# Task details
Transcribe word for word the section of the records below that opens with the line containing "Óculos Ray Ban Erik" and closes with the line containing "Emporio Armani Swimsuit"; drop every picture.

# Entries provided
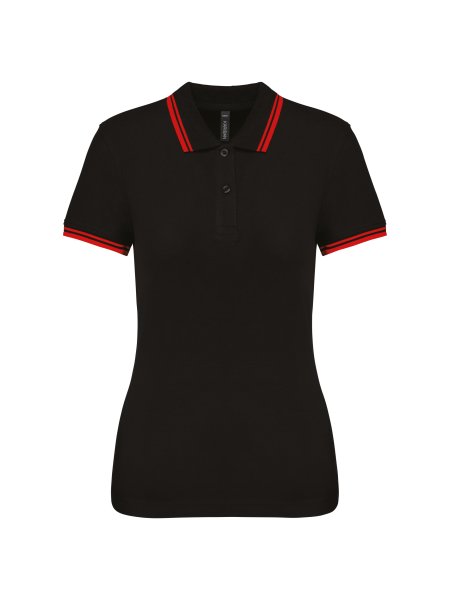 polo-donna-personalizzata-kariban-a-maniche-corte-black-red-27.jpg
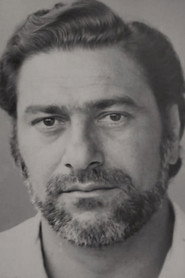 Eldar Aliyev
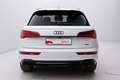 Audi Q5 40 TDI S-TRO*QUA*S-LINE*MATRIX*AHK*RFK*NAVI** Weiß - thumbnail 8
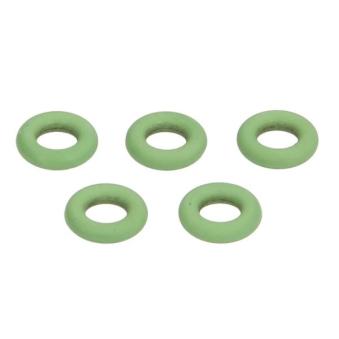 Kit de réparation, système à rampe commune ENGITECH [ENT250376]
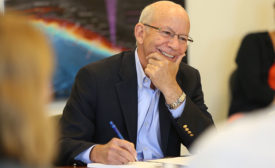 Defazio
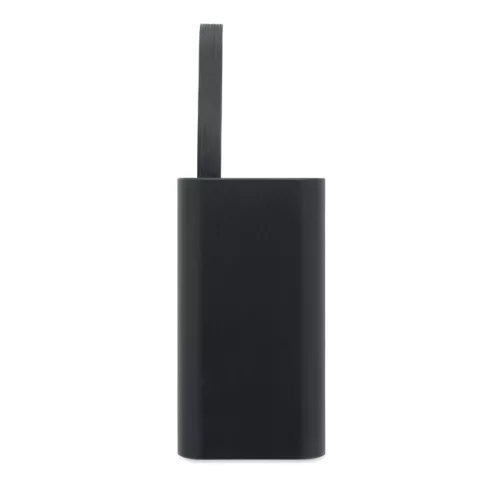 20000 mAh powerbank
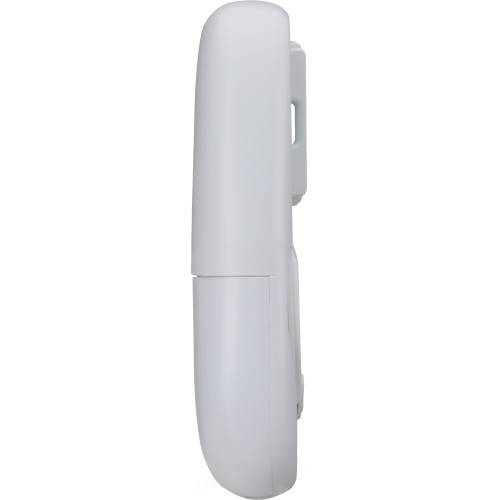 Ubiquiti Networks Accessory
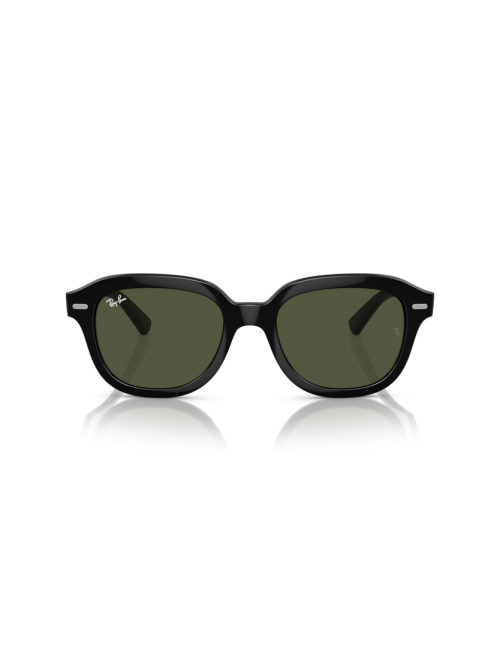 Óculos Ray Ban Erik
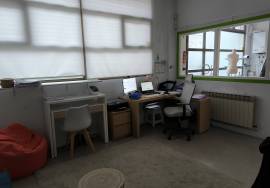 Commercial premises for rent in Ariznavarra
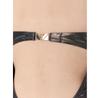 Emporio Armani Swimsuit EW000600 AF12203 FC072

* * *

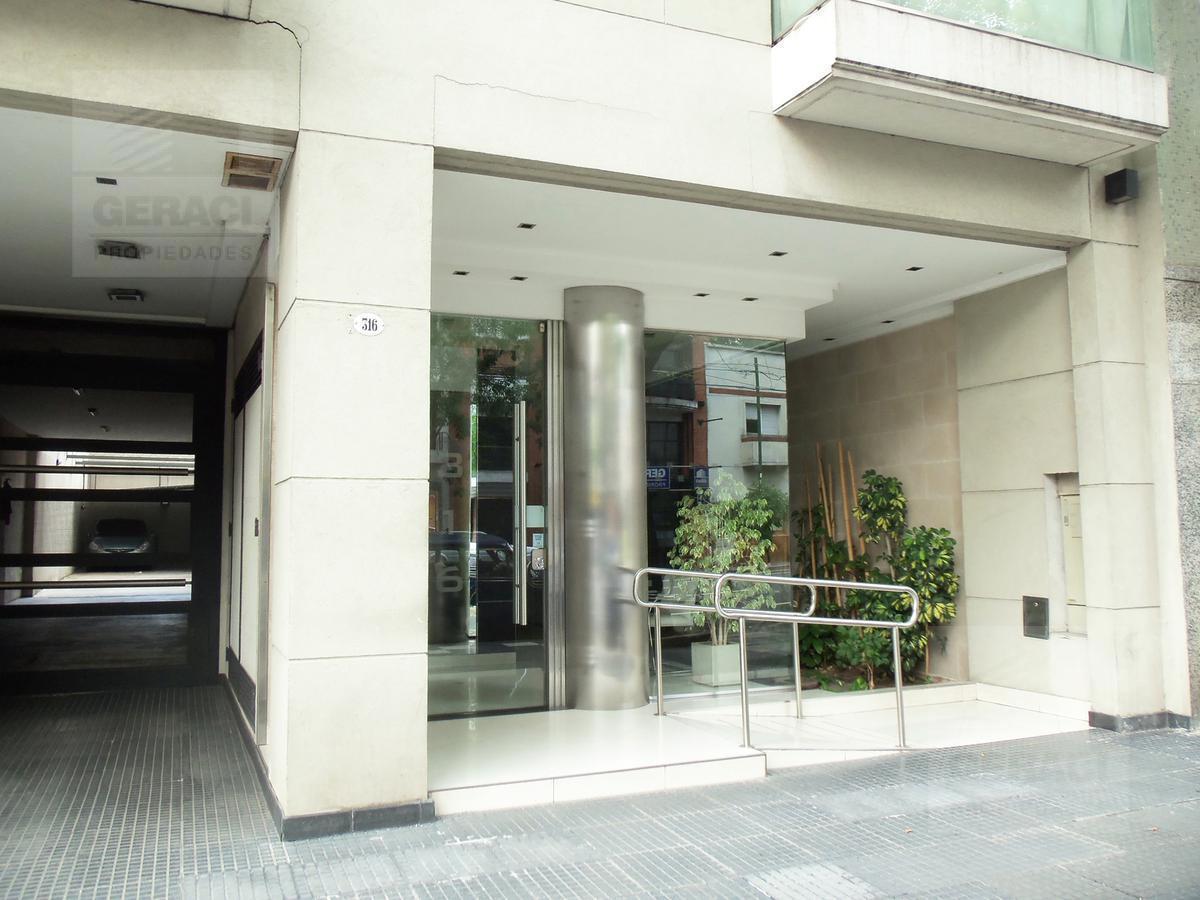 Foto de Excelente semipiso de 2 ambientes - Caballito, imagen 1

# Solution
 Óculos Ray Ban Erik
 Commercial premises for rent in Ariznavarra
 Emporio Armani Swimsuit EW000600 AF12203 FC072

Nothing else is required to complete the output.